> [Problem statement] Here is the task for the records below: repeat exactly the lines from the one with "Nisha Shah Glam Pics" to the one with "Snapshot of pvckitty", both included, and nothing else.

> [Data shown]
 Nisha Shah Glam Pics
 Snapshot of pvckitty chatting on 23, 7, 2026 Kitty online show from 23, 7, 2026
--
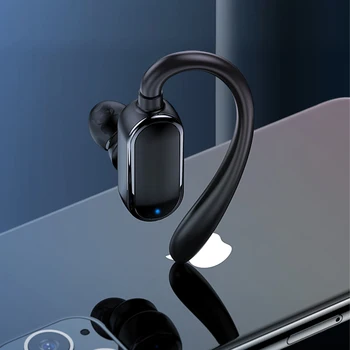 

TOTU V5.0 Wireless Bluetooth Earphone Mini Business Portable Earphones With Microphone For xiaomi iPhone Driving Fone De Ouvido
==
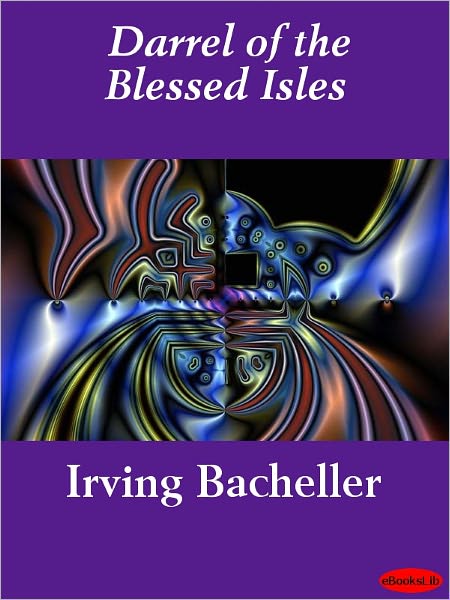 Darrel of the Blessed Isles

> [Task solution]
 Nisha Shah Glam Pics
 Snapshot of pvckitty chatting on 23, 7, 2026 Kitty online show from 23, 7, 2026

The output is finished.